Picture: A traditional Turkish table-top stone grinder. Picture kindly supplied by Toper Roaster.
To better understand the tradition of grinding as fine as possible for Turkish, Greek, and Arabic coffees, we spoke to Professor Steven Abbott, a world expert on the science of foams.
Many of the traditional coffee grinders found in supermarkets and coffee shops of the Eastern Mediteranean are similar in stature and shape to the well-known EK43 grinder. In lieu of steel burrs, however, many of them are fitted with stone grinding discs featuring a very wide diameter, 15–20 centimetres. This allows them to grind superfine, similar to the way the granite rollers of a chocolate conche allow chocolate makers to grind cocoa solids to a mean particles size distribution below 20 microns.
A similar ultrafine grind is sought by the millers who use granite stone mills to turn green tea into matcha powder.
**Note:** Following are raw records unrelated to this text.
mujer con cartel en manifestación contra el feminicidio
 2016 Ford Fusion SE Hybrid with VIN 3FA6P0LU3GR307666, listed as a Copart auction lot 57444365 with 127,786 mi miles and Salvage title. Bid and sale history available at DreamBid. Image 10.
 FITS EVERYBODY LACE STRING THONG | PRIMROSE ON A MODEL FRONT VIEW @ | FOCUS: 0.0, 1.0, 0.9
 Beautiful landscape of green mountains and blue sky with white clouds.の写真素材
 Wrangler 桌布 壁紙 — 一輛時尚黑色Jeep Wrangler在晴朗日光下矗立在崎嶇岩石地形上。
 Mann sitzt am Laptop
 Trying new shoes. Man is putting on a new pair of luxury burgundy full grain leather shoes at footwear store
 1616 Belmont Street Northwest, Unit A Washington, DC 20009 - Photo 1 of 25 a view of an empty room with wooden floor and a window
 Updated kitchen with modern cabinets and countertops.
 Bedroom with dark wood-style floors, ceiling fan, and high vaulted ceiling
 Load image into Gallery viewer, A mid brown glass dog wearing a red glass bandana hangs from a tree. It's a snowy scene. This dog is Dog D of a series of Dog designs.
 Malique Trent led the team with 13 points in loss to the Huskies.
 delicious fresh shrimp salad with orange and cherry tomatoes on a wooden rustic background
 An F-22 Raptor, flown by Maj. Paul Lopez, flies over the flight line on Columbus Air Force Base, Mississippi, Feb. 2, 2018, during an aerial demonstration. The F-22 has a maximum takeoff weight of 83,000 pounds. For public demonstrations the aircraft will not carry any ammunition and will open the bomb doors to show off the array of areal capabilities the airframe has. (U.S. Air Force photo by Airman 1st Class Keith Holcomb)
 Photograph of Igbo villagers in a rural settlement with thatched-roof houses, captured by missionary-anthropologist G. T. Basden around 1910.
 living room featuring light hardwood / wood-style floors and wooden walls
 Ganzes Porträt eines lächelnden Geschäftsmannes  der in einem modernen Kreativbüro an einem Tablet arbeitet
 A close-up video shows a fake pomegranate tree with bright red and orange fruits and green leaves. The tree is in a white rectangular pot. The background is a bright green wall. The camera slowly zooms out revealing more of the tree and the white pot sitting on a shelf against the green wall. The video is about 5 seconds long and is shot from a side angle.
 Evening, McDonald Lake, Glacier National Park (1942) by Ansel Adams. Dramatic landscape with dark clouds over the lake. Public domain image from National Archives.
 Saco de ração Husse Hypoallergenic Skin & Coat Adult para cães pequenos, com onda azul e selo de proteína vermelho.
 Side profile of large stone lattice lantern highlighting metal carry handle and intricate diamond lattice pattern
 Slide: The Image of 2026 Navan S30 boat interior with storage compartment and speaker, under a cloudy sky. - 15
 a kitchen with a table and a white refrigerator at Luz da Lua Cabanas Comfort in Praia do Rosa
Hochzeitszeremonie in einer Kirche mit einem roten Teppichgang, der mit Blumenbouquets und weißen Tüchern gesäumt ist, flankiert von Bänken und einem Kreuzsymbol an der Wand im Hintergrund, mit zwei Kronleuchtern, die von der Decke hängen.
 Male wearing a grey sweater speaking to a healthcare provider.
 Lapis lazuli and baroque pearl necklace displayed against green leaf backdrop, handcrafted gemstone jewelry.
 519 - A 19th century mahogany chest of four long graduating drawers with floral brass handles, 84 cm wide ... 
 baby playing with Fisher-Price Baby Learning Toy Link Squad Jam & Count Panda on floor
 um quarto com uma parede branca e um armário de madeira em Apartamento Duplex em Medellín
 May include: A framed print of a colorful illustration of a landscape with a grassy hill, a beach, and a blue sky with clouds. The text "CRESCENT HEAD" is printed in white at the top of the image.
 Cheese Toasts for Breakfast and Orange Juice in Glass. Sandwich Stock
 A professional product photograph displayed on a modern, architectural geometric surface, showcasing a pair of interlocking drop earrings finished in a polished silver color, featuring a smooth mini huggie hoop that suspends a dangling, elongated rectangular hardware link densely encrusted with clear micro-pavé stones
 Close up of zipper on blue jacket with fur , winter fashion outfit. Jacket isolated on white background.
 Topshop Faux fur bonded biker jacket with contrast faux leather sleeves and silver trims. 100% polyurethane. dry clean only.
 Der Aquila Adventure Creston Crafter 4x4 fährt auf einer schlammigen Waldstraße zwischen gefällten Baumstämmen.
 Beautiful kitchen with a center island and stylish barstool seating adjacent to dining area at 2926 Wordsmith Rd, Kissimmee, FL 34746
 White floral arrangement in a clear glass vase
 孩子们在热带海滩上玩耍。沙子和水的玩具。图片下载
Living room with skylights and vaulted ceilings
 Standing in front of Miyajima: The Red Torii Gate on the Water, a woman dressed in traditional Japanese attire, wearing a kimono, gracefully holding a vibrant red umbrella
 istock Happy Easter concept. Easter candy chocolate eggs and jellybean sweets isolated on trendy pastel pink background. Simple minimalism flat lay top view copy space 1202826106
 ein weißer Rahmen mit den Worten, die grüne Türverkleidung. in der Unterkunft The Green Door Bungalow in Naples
Matcha mills typically rotate extremely slowly, at around 30 rpm. A faster rpm leads to a larger particle size when stone milling — and with matcha, as with chocolate, ‘the finer the grind, the better’.
Pictures: A small matcha stone mill.
This has not been our experience with coffee, though. We preferred the taste of a brew produced with a slightly coarser grind. If flavour is not improved by grinding coffee ultrafine, we wondered, why is fine-grinding the norm?
Professor Abbott suggested that we first identify the source of the majority of a cezve’s bubbles. Do they form from the steam as the water in the bottom of the cezve boils, or do they derive from gas dissolved in the water and the coffee?
We prepared some cezve brews with water we had boiled and then cooled. This process degassed the water, and it allowed us to ensure dissolved gases weren’t a contributor to the formation of raghweh. This approach made no significant change in raghweh.